_Activity_: What lines below mention the word "Short"? Copy each one.
===============
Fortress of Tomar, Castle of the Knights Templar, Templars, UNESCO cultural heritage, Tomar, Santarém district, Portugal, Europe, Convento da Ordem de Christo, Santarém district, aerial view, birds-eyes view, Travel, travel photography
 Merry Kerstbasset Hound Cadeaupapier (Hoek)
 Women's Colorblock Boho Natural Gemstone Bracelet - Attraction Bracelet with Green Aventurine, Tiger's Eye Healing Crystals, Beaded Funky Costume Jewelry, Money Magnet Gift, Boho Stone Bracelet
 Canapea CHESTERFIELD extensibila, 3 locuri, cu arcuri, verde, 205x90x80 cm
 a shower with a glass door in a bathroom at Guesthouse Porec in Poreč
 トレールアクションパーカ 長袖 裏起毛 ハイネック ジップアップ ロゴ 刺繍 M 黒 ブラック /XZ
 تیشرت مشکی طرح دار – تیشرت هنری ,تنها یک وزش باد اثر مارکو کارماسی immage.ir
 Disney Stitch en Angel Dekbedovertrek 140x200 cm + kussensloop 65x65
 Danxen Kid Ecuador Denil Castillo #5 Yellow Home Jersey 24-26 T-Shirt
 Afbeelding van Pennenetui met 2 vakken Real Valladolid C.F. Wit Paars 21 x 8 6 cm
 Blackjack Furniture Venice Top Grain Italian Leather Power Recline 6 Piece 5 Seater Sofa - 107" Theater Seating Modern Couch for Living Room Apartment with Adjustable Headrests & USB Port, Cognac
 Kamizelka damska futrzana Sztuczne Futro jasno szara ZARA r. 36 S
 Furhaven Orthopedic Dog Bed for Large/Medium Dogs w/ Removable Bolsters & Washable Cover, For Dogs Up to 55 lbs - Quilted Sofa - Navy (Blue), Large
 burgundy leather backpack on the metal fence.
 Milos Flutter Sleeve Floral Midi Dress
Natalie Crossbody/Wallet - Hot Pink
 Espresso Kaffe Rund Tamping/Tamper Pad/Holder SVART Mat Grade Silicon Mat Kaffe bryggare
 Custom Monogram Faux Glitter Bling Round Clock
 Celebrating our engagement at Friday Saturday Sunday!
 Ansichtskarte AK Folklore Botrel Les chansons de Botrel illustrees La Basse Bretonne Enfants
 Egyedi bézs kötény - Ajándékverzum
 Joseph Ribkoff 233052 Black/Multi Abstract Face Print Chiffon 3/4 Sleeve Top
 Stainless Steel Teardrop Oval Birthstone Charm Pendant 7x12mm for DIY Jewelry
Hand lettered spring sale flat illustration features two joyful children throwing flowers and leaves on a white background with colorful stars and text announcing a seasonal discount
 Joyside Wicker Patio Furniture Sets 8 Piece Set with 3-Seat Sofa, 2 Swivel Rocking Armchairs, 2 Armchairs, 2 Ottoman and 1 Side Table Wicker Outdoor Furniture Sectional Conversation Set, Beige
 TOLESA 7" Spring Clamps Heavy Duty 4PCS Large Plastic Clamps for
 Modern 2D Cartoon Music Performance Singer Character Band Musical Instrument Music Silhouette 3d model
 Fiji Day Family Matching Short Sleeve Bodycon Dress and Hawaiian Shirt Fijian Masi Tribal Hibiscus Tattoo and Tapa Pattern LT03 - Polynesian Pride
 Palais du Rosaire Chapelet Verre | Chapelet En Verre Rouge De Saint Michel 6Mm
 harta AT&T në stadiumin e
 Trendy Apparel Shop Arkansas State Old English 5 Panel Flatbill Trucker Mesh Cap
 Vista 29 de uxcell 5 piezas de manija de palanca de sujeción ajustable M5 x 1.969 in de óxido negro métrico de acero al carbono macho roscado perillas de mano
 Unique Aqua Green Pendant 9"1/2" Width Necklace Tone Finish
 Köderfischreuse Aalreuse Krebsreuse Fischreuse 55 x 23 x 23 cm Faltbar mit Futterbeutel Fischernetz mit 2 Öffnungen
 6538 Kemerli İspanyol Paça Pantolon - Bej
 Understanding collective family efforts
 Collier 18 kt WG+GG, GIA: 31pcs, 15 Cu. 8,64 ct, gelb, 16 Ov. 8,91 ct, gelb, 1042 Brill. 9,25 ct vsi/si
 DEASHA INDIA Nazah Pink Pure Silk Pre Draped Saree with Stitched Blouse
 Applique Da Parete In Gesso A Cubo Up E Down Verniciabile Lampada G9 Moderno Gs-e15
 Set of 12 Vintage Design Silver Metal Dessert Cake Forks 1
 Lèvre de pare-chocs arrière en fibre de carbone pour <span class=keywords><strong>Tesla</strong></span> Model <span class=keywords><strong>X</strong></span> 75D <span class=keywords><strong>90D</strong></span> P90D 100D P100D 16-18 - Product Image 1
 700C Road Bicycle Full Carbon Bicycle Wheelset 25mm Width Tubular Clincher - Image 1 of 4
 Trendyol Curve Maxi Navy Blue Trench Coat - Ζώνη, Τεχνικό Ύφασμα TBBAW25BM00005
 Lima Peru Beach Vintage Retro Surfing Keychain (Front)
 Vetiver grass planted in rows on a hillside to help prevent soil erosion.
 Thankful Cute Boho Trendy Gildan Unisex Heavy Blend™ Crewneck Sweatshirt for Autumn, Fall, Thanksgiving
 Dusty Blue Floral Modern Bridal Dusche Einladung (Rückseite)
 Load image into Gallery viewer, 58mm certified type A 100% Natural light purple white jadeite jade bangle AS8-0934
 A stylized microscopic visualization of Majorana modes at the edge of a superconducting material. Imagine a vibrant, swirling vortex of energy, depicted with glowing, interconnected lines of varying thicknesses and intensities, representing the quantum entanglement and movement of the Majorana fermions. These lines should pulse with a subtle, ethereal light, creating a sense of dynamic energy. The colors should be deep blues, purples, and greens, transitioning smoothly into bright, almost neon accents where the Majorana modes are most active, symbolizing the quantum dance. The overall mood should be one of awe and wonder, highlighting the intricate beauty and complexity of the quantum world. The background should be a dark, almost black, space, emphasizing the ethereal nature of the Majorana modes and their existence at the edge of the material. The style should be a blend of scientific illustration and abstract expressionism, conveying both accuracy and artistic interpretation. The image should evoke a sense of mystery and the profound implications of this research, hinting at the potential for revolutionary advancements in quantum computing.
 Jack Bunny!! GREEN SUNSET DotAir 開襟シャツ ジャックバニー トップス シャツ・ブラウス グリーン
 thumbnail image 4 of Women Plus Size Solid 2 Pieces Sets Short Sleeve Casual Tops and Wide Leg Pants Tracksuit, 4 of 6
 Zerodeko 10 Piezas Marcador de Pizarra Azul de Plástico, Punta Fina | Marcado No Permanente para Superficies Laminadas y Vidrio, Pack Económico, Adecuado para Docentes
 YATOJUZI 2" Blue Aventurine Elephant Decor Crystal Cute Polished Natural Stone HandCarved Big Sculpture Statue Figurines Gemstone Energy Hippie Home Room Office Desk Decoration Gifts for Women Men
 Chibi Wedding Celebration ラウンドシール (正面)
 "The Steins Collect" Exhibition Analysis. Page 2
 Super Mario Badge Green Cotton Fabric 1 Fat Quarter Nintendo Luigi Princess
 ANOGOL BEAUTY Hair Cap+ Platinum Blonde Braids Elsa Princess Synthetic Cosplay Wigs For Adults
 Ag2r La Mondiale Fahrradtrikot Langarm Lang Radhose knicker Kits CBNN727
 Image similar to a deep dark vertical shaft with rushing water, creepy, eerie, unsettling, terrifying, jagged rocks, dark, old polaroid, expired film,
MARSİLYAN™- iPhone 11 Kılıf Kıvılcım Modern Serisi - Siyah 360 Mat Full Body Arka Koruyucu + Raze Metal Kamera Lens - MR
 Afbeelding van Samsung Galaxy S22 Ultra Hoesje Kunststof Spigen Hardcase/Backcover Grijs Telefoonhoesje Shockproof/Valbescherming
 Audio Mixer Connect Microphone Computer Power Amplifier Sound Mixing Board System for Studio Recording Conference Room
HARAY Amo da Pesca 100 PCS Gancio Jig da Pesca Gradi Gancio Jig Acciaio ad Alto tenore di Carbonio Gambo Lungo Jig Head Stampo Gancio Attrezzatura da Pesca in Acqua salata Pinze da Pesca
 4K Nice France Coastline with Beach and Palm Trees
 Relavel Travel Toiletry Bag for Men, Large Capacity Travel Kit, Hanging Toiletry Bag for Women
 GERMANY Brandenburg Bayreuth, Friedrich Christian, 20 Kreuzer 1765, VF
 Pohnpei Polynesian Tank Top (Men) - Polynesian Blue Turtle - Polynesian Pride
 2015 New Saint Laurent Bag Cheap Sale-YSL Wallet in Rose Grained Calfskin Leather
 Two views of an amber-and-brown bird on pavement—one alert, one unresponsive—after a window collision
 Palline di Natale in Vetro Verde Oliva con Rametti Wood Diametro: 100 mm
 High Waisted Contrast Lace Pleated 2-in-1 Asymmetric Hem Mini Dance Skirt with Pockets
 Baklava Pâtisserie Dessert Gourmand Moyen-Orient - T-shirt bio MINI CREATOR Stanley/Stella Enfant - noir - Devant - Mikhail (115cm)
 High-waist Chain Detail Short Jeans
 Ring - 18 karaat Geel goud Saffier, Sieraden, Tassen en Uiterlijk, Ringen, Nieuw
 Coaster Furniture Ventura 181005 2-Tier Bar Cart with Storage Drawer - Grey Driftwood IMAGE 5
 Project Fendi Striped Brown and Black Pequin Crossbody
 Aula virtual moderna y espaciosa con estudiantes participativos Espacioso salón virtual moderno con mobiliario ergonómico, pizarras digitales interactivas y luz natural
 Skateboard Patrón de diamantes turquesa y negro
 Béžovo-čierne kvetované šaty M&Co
===============
_Response to the task_:
 Fiji Day Family Matching Short Sleeve Bodycon Dress and Hawaiian Shirt Fijian Masi Tribal Hibiscus Tattoo and Tapa Pattern LT03 - Polynesian Pride
 thumbnail image 4 of Women Plus Size Solid 2 Pieces Sets Short Sleeve Casual Tops and Wide Leg Pants Tracksuit, 4 of 6
 High-waist Chain Detail Short Jeans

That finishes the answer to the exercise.